ASSIGNED TASK |
Apart from the pictures, print the data below exactly as given.

RAW DATA |
====================

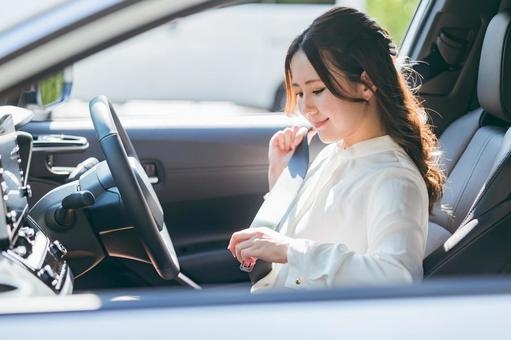 運転席でベルトを装着する女性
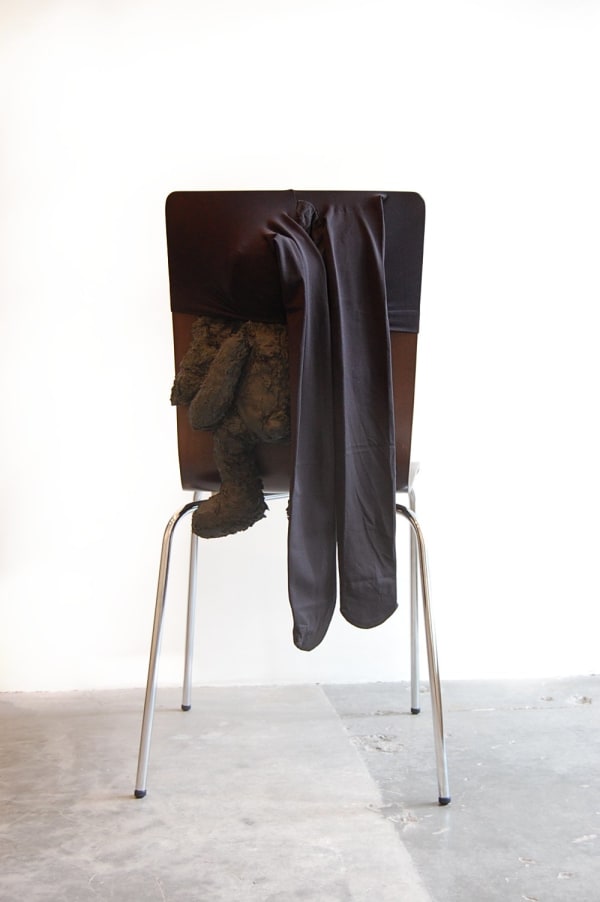 Sculpture similar to a chair with stocking feet and a toy hanging from back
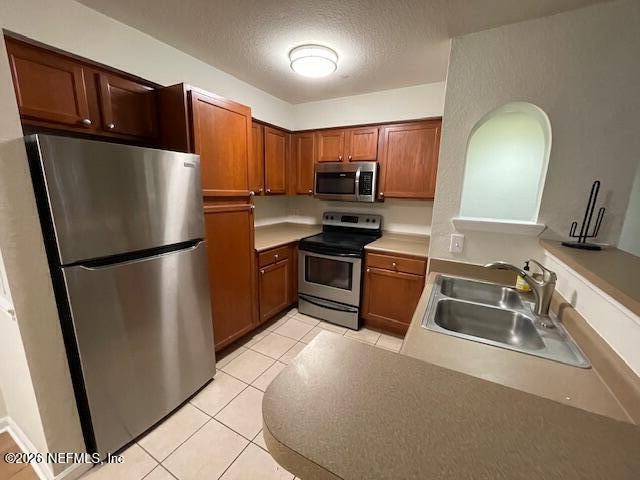 8550 Touchton Road, Unit 1436 Jacksonville, FL 32216 - Photo 10 of 37 a kitchen with stainless steel appliances a refrigerator stove and sink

====================

RESPONSE AREA |
 運転席でベルトを装着する女性
 Sculpture similar to a chair with stocking feet and a toy hanging from back
 8550 Touchton Road, Unit 1436 Jacksonville, FL 32216 - Photo 10 of 37 a kitchen with stainless steel appliances a refrigerator stove and sink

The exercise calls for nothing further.